▸ Data supplied:
━━━━

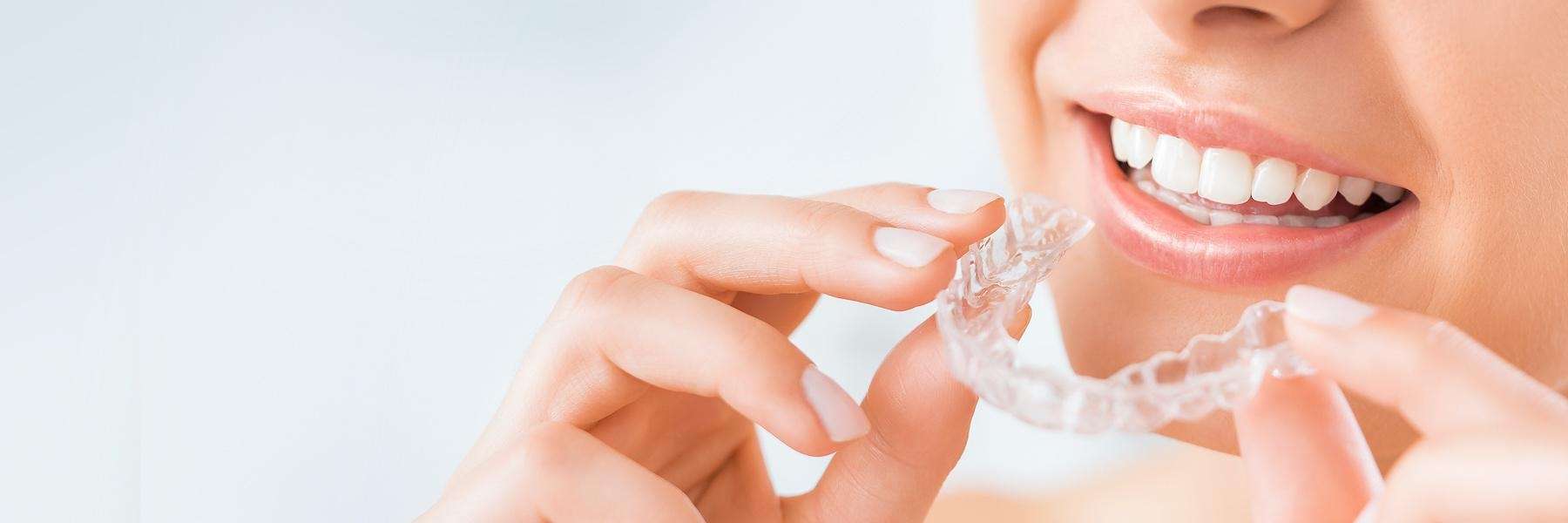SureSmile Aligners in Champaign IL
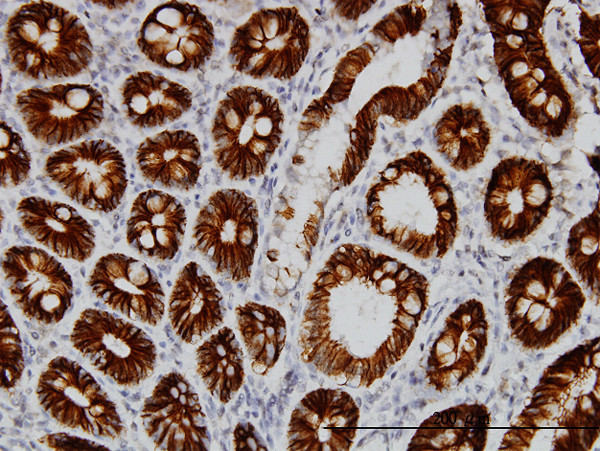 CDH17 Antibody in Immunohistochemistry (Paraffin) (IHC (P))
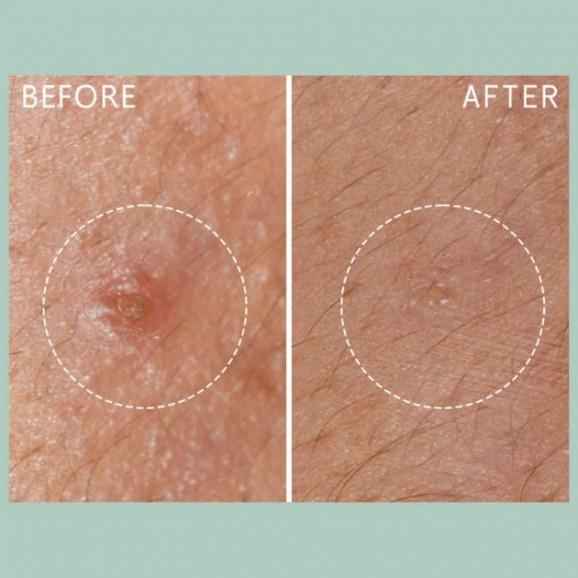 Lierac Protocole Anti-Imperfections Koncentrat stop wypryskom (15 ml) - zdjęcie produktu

━━━━

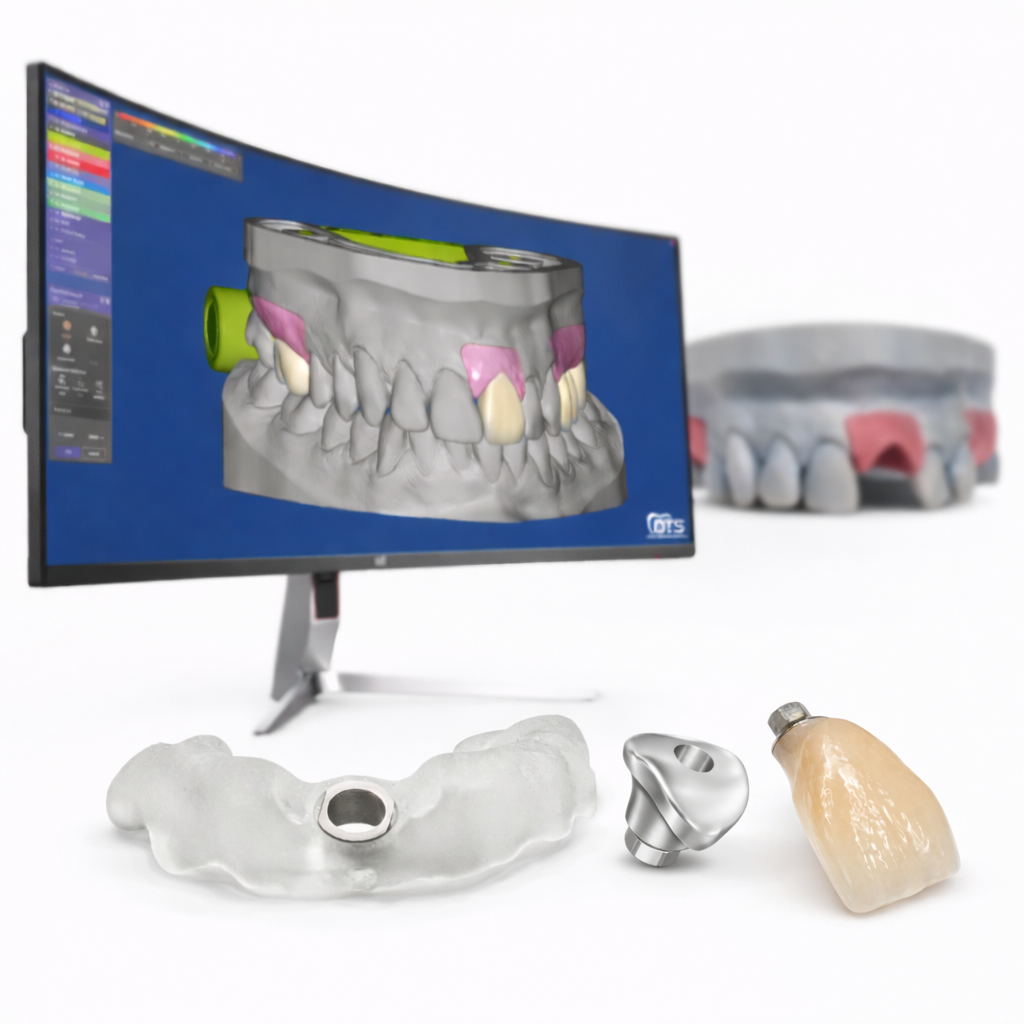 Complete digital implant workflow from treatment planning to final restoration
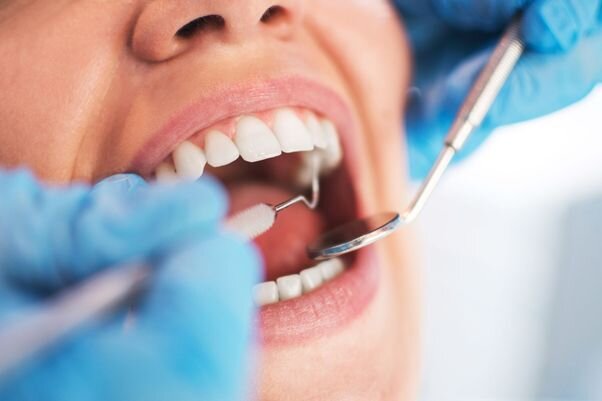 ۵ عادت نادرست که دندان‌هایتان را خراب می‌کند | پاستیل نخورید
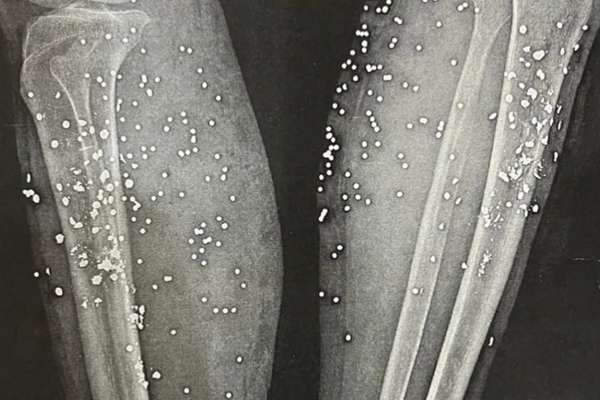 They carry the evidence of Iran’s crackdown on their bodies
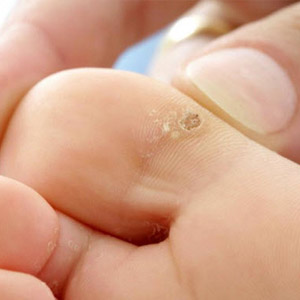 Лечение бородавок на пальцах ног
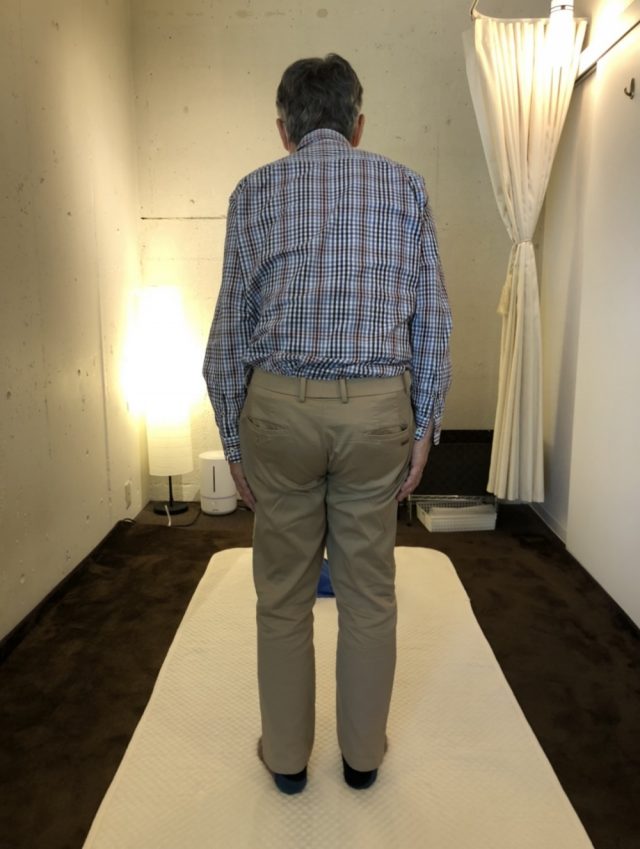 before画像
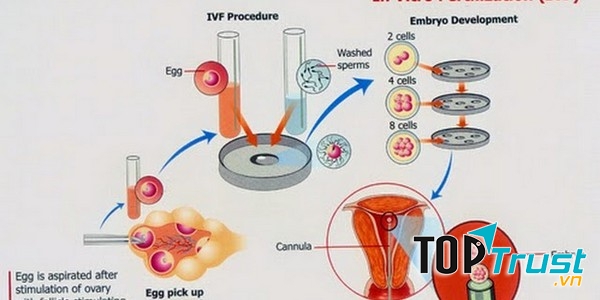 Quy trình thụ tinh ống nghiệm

━━━━

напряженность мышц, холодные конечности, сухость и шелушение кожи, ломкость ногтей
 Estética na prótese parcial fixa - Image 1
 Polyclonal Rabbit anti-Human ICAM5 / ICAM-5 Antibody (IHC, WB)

━━━━

▸ Work to complete:
Exact repeat of the material above: every line from the one with "۵ عادت نادرست" through the one with "Quy trình thụ tinh ống nghiệm", endpoints included, and nothing more. No pictures.

▸ Response box:
 ۵ عادت نادرست که دندان‌هایتان را خراب می‌کند | پاستیل نخورید
 They carry the evidence of Iran’s crackdown on their bodies
 Лечение бородавок на пальцах ног
 before画像
 Quy trình thụ tinh ống nghiệm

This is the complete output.